Inspirée par la création du DOGE, le fameux pseudoministère de l’efficacité gouvernementale aux États-Unis qu’elle qualifie de « comité de la hache antibureaucratique », Valérie Pécresse estime qu’il est nécessaire de faire sauter le tabou de la performance publique.
Certes, on ne peut pas lui donner tort lorsqu’au micro de France Inter elle met en avant « qu’il y a du gaspillage, il y a de la sur-normes. » Selon elle, il faudrait tout réorganiser. Elle va même jusqu’à demander aux ministres de devenir des « chasseurs de gaspillage ». Rien de choquant jusqu’ici, surtout dans le climat actuel d’économie sur la dépense publique.
Mais pourquoi choisir l’ADEME comme exemple – ou plutôt comme cible – en proposant sa suppression pure et simple ? Parce que, selon la présidente de la région Île-de-France, « l’ADEME représente 5 milliards de budget et plus de 1 000 agents » et que le travail fourni par l’agence ferait doublon avec celui de la Caisse des territoires et des régions. La solution semble alors évidente, bien que radicale, pour réduire la note : supprimer l’agence pour supprimer tous les frais fixes et frais de structure.
Le président de l’ADEME contre-attaque
Présentées comme cela, les choses sont simples. Mais la réalité est bien différente, car ce procès qui est fait à l’ADEME est injuste. La ministre de la Transition écologique va même plus loin : pour elle, les propositions de la droite seraient teintées de populisme et de démagogie.
En réponse aux critiques de plusieurs élus, Sylvain Waserman, président de l’ADEME, a donc tenu à rappeler quelques faits concernant l’agence.
- À propos des 5 milliards d’euros de budget : en 2024, le budget alloué à l’ADEME était de 3,4 milliards d’euros, pas de 5 milliards !
- 92 % de ce budget est alloué à des aides directes aux collectivités locales et aux entreprises : ces sommes permettent aux collectivités et aux entreprises de financer des actions bien réelles en faveur de la transition écologique (réseaux de chaleur, rénovation énergétique des bâtiments, mobilité durable, valorisation des déchets, etc.)
- Les frais de fonctionnement de l’ADEME : ils représentent seulement quelques % de ce budget et servent notamment à payer les 1 000 ETP (coût de 100 millions d’euros) et les loyers.
L’ADEME, une agence utile et performante
Contrairement à ce que laissent entendre ses détracteurs, l’ADEME n’est donc pas une agence inutile, qui dilapiderait l’argent public. C’est même tout l’inverse, puisque l’Inspection Générale des Finances a récemment salué la rigueur de gestion de l’ADEME, à l’issue d’un audit de quatre mois.

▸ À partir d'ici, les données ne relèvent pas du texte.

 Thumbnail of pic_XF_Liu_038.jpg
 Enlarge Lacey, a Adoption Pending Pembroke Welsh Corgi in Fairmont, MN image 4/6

Encore mieux : l’IGF recommande même d’augmenter les effectifs de l’agence, ce qui prouve l’utilité de ces postes. Car, comme le rappelle Sylvain Waserman, l’ADEME « fournit des outils, de l’expertise, avec notamment 150 chercheurs et 500 ingénieurs, en suivant une méthodologie scientifique pour opérer la transition. »
L’ADEME propose donc une expertise technique précieuse, sur laquelle s’appuient ses partenaires, notamment les régions et la Banque des territoires. Il est donc faux de dire que l’ADEME fait doublon !
Enfin, l’idée de supprimer l’ADEME tout en conservant ses effectifs, en les répartissant dans d’autres administrations, semble assez peu réaliste, car l’ADEME est constituée à 98 % de salariés du privé.
La remise en question de la transition écologique : le véritable débat derrière la polémique
Pour Sylvain Waserman, ces attaques soulèvent aussi une question fondamentale. Veut-on juste revoir la gouvernance de l’ADEME ou plutôt « couper l’argent public que l’État consacre à la transition écologique ? »
Nous en saurons plus fin janvier, à l’issue des auditions de l’ADEME, mais aussi de l’Office Français de la Biodiversité et de l’Agence Bio par la commission du développement durable à l’Assemblée nationale.